Bonds Benefitting Argentina
World Economy

Bonds Benefitting Argentina

In raising $16.5 billion in the largest emerging markets bond ever, Argentina finally ended its long-running legal battle with creditors and sloughed off its status as market pariah.
With its first bond deal in 15 years, Argentina raised enough to pay the approximately $9.3 billion owed to holdout investors and still had plenty of funds to spare, CNBC reported.
The sovereign can now stay out of the international markets for the rest of this year and fully fund the targeted 2016 deficit of 4.8% of GDP.
Secretary of Finance Luis Caputo told the International Financing Review that the country would be able to do so through local markets, new multilateral lending and in a “diminishing degree” through central bank financing.
“We will be very active in managing our liabilities, trying to achieve the most cost savings,” Caputo said, stressing that the development of local markets will be a priority.
But he declined to rule out another tap this year to pre-fund the country’s budget in 2017, when the government hopes to cut the deficit to 3.3% of GDP.
“If down the road we notice through reverse enquiry that investors’ demand remains high, and the price is right, we would pre-fund,” he said.

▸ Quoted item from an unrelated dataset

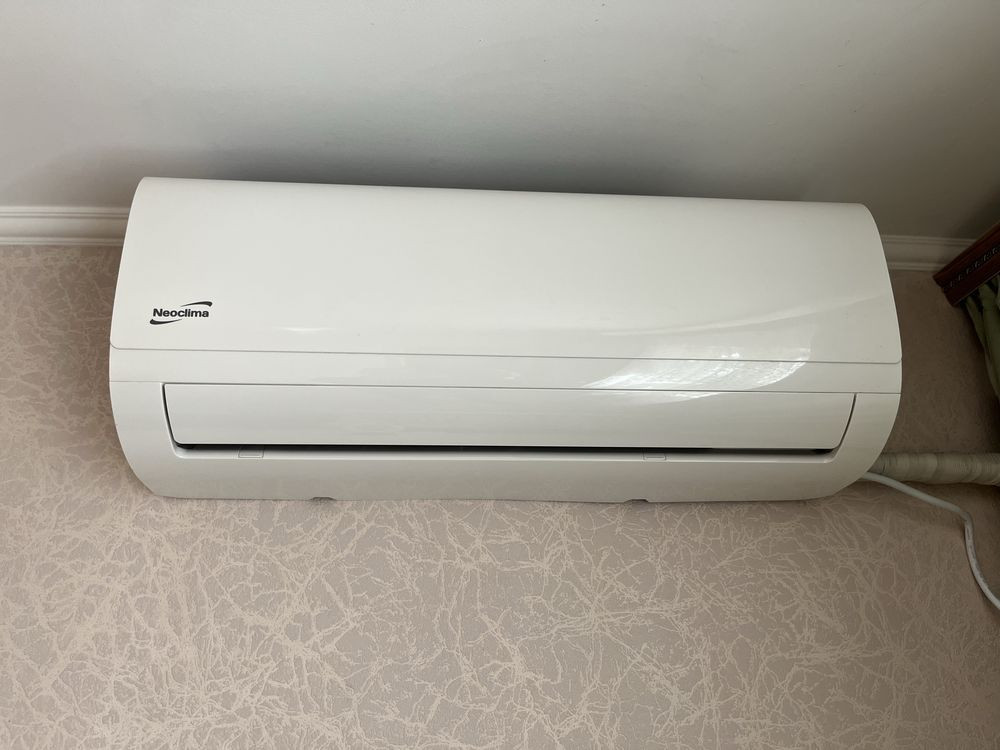 Продам доходный бизнес 1к квартиру под посуточную аренду. Черноморск Чорноморськ - зображення 5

With $69 billion in demand, Argentina was able to win the tug of war with investors, many of whom said they would never buy into a 10-year from the sovereign with less than an 8% handle.
On the day, however, leads tightened talk on the 10-year, the centerpiece of the deal, by 50bp before pricing it at par to yield 7.50%.
Deutsche Bank, HSBC, JP Morgan and Santander were global coordinators, with BBVA, Citigroup and UBS as joint books.